Cryptocurrencies have only existed since Satoshi Nakamoto published the bitcoin white paper in 2009. The relatively short window of time that any business could have been operating in this space means that there are few incumbents, and still fewer that would want to limit newcomers.
Most welcome the network effect of additional businesses in the space.
Still, the distributed nature of bitcoin and many of the other cryptocurrencies stems directly from a deep mistrust of government.
As a result, many in the space do not welcome any government intrusion and like to say that these cryptocurrencies cannot be regulated. Even those who might be willing to comply with the law, often cannot be certain which laws apply.
Regulators have not been helpful, either, offering conflicting positions and more uncertainty than anything else. Throwing current ICOs into this culture has meant that even ICOs which are not intended to be currency-like and are not distributed in nature will generally seek to avoid regulation.
In fact, the majority of ICOs over the past year have been for “utility tokens”: coins that offer a purchaser the opportunity to purchase a good or service from the issuer. Many are more similar to gift cards or product discount coupons than to a distributed currency.
Most are careful to avoid being labeled a security.
The final, and perhaps most important, piece of this puzzle is the relatively closed market for cryptocurrencies and other crypto tokens.
Over the past two to three years, the potential of cryptocurrency and blockchain has become much more widely recognized, with over $1bn invested in related businesses during 2016.
As the value of bitcoin, ethereum and other cryptocurrencies continues to climb by hundreds and even thousands of percentage points annually, a great deal of money is entering the cryptocurrency system.
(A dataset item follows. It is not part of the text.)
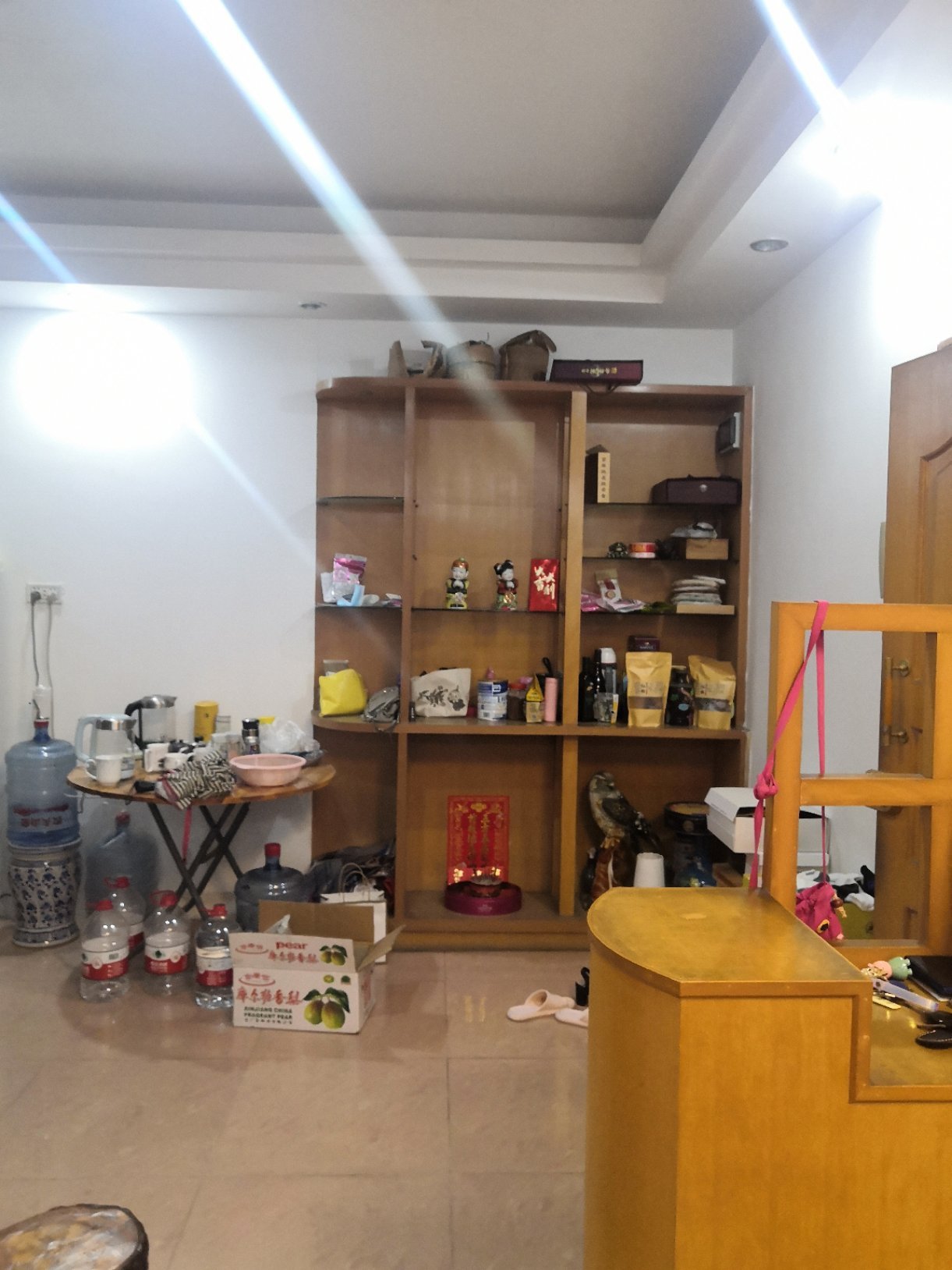 南山路大街,南山路地税宿舍6楼,100方,3房2厅2卫,售29.8万10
At the same time, there are limited avenues to spend tokens on goods and services and still fewer participants who want to exit the crypto market.
Returns on other, more traditional investments, are much lower and financial institutions and regulators have created a sort of firewall anytime fiat currency is moved into cryptocurrency or back that severely restricts large movements of money into or out of this market.
Inside the cryptocurrency market, things are much different.
Exchanges have made it incredibly easy to move from coin to coin easily and at low cost. There are over 900 different altcoins that represent everything from equity in companies, various attempts to create a better currency, and products ranging from computing power to strip club memberships.
One of the most remarkable advances of these cryptocurrency exchanges is their willingness to trade virtually anything for anything else. Currency tokens can be exchanged for service tokens, which can be exchanged for equity or debt tokens.
The wealth effects from quickly rising currency values, the limited range of products that can be now purchased with cryptocurrencies and the ease with which investors or purchasers can move between tokens has created a large investment pool just waiting for something to buy.
Not only do these individuals believe in the value of the blockchain, they have experienced it and would like to buy more. So when a new product is tokenized and offered for sale in denominations of ethereum or bitcoin, there are many who are willing to purchase.
Most have rarely lost money in this market and only a few have ever experienced the frustration of being trapped in an illiquid asset like the stock of a private company.
In their world, if the token is not a winner, it can still be traded for something else.
There are many, myself included, who remain concerned about what will happen as this market grows up. We worry about the possibility of fraud, implications of large losses when the bubble bursts and how regulation will affect this unique and exciting “Wild West” atmosphere.
Until that shoe drops, however, I will remain impressed at what can happen when private companies find a way to tap into large amounts of investment money, and investors can find liquidity in tokens representing everything from computer storage to a bet in a prediction market.
Today’s ICO market is a truly remarkable economic experiment.